[Records from a data source]

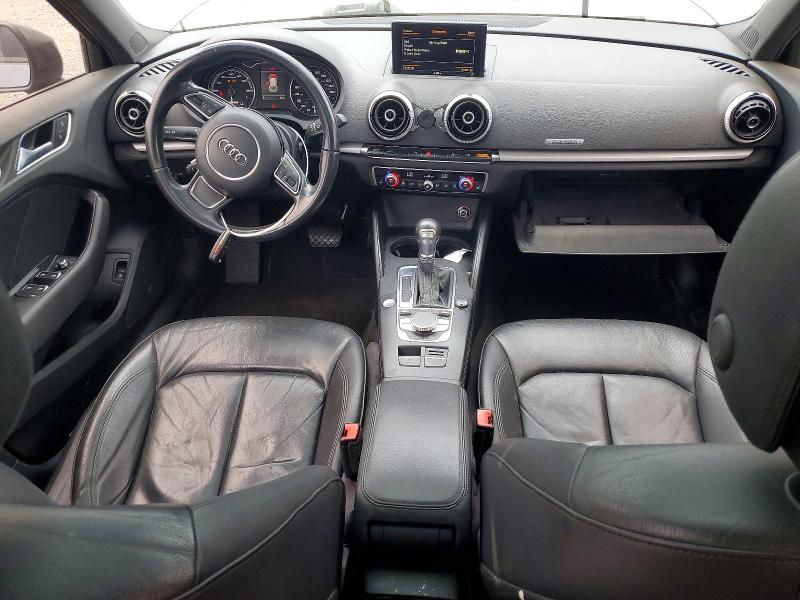 Продажа на аукционе авто 2016 Audi A3, vin: WAUUPBFF2GA158409, номер лота: 59220356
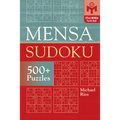 Mensa(r) Sudoku - Paperback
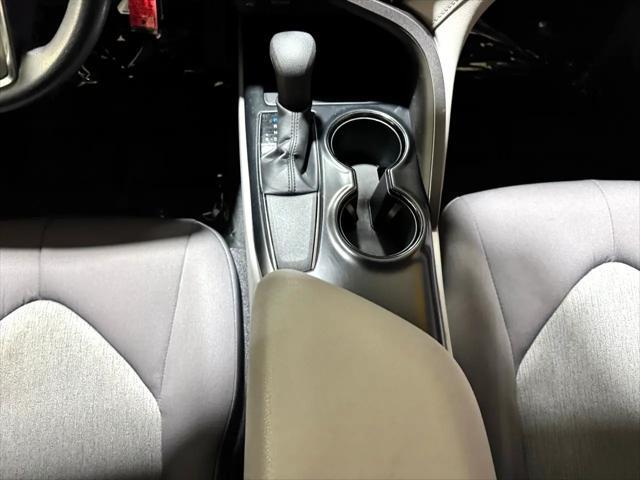 Photo of 2019 Midnight Black Toyota Camry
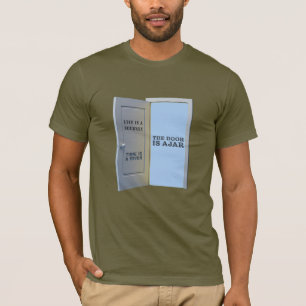 The Door is Ajar T-Shirt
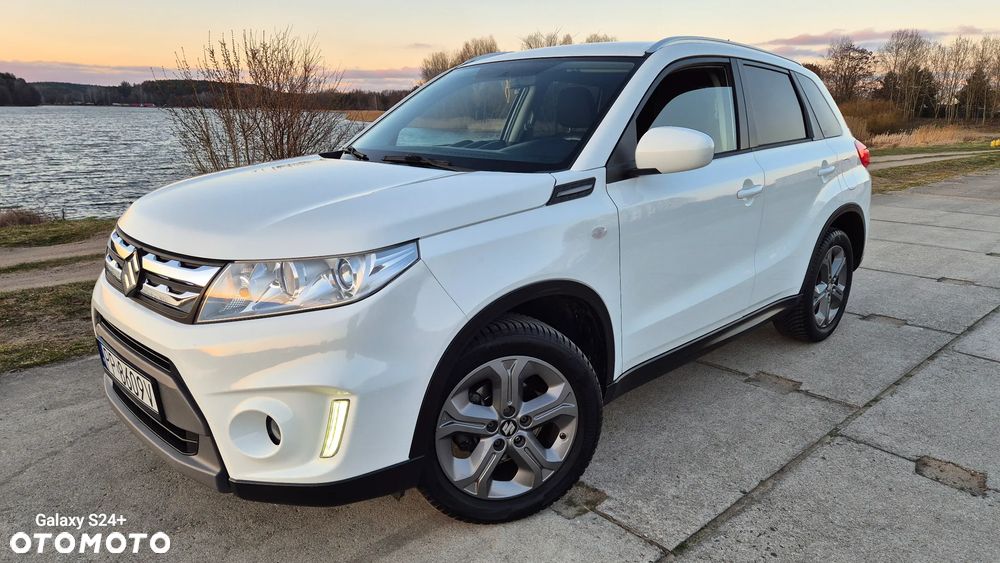 Suzuki Vitara 1.6 (4x2) Comfort - 1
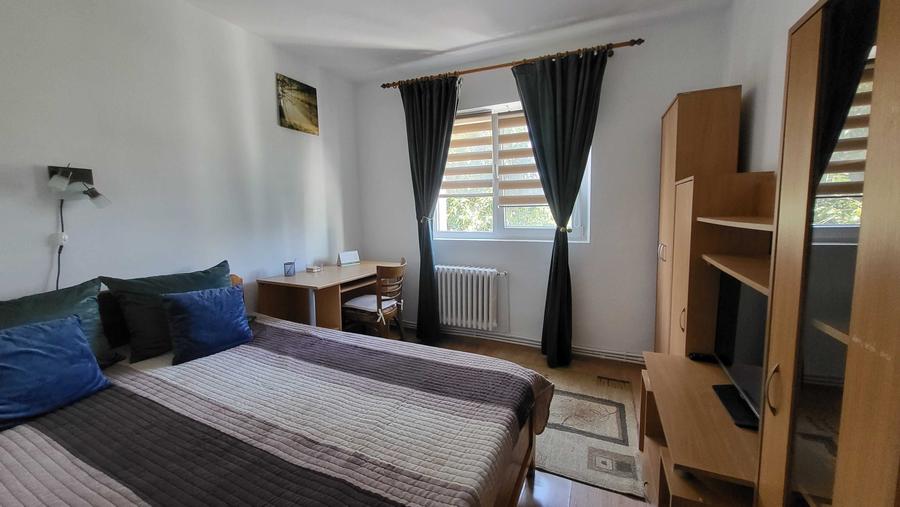 Apartament cu 2 camere decomandat în Canta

**Task to carry out**: Return a verbatim transcription of the data, omitting all images.

**Answer box**:
 Продажа на аукционе авто 2016 Audi A3, vin: WAUUPBFF2GA158409, номер лота: 59220356
 Mensa(r) Sudoku - Paperback
 Photo of 2019 Midnight Black Toyota Camry
 The Door is Ajar T-Shirt
 Suzuki Vitara 1.6 (4x2) Comfort - 1
 Apartament cu 2 camere decomandat în Canta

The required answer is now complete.